What to do:
Only those lines running from the line that contains "this 990×617 image." through the end of the material are to be written out, each exactly as shown.

--- Records supplied Enclosed Below ---

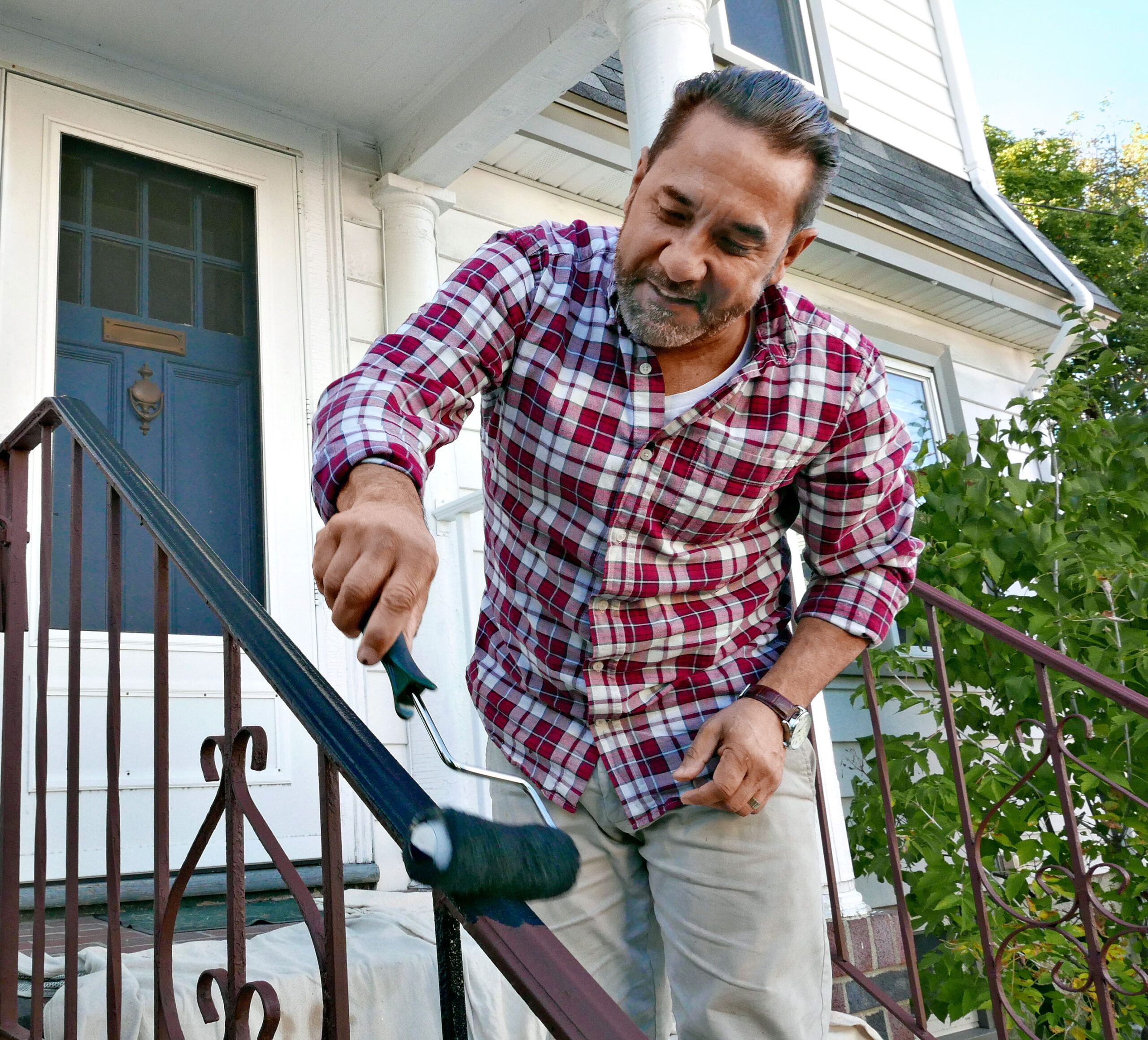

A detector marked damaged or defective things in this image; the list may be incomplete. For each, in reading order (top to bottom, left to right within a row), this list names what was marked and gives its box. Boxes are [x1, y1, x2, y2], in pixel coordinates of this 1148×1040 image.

rusted metal railing [0, 396, 646, 1040]
rusted metal railing [822, 581, 1148, 1033]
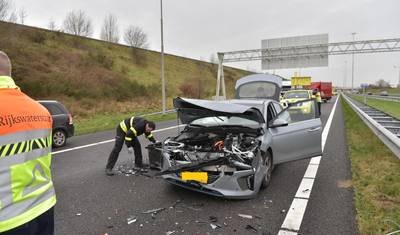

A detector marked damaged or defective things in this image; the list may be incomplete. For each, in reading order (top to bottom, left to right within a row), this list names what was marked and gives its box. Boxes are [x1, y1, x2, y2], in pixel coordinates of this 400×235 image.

crushed car hood [173, 97, 264, 124]
damaged silver car [153, 74, 322, 198]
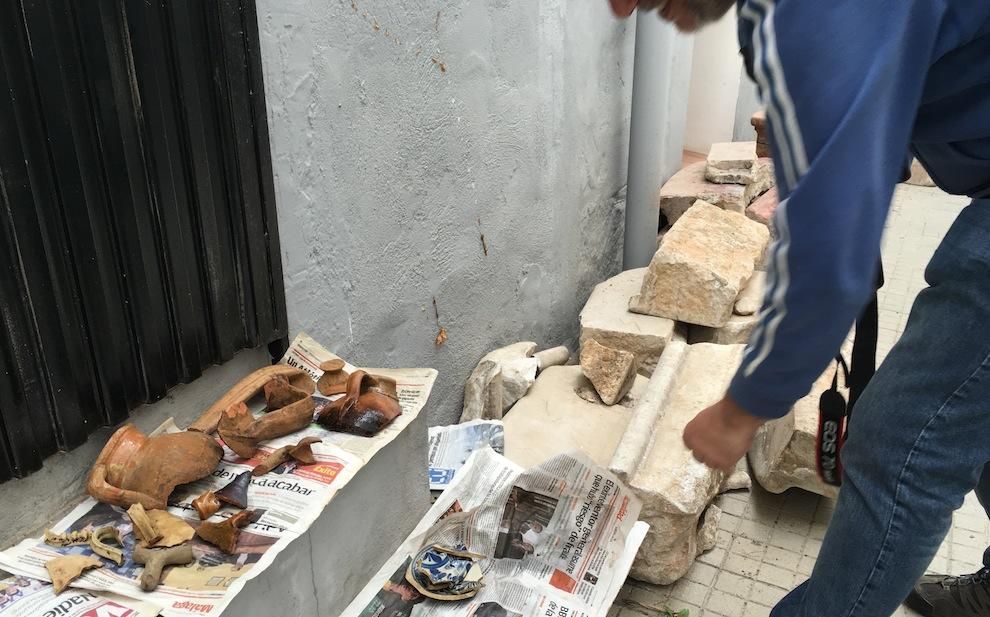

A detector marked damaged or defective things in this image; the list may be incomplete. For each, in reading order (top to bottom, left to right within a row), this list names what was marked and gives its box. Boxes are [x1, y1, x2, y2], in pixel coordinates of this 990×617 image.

broken pottery fragment [664, 161, 772, 224]
broken pottery fragment [632, 201, 772, 328]
broken pottery fragment [576, 268, 680, 372]
broken pottery fragment [43, 528, 90, 548]
broken pottery fragment [89, 524, 126, 564]
broken pottery fragment [128, 502, 165, 548]
broken pottery fragment [87, 424, 223, 510]
broken pottery fragment [147, 508, 196, 548]
broken pottery fragment [191, 490, 220, 520]
broken pottery fragment [196, 510, 258, 552]
broken pottery fragment [215, 470, 252, 508]
broken pottery fragment [190, 366, 318, 434]
broken pottery fragment [219, 394, 316, 458]
broken pottery fragment [264, 372, 310, 412]
broken pottery fragment [254, 436, 324, 474]
broken pottery fragment [320, 356, 350, 394]
broken pottery fragment [314, 368, 400, 436]
broken pottery fragment [504, 366, 652, 466]
broken pottery fragment [576, 336, 640, 404]
broken pottery fragment [616, 344, 748, 584]
broken pottery fragment [752, 366, 844, 500]
broken pottery fragment [46, 552, 102, 592]
broken pottery fragment [134, 548, 196, 588]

--- End of Enclosed Records supplied ---

Reply to the task:
A detector marked damaged or defective things in this image; the list may be incomplete. For each, in reading order (top to bottom, left to right within a row), this list names what was marked and gives its box. Boxes are [x1, y1, x2, y2], in pixel coordinates of this 990×617 image.

broken pottery fragment [664, 161, 772, 224]
broken pottery fragment [632, 201, 772, 328]
broken pottery fragment [576, 268, 680, 372]
broken pottery fragment [43, 528, 90, 548]
broken pottery fragment [89, 524, 126, 564]
broken pottery fragment [128, 502, 165, 548]
broken pottery fragment [87, 424, 223, 510]
broken pottery fragment [147, 508, 196, 548]
broken pottery fragment [191, 490, 220, 520]
broken pottery fragment [196, 510, 258, 552]
broken pottery fragment [215, 470, 252, 508]
broken pottery fragment [190, 366, 318, 434]
broken pottery fragment [219, 394, 316, 458]
broken pottery fragment [264, 372, 310, 412]
broken pottery fragment [254, 436, 324, 474]
broken pottery fragment [320, 356, 350, 394]
broken pottery fragment [314, 368, 400, 436]
broken pottery fragment [504, 366, 652, 466]
broken pottery fragment [576, 336, 640, 404]
broken pottery fragment [616, 344, 748, 584]
broken pottery fragment [752, 366, 844, 500]
broken pottery fragment [46, 552, 102, 592]
broken pottery fragment [134, 548, 196, 588]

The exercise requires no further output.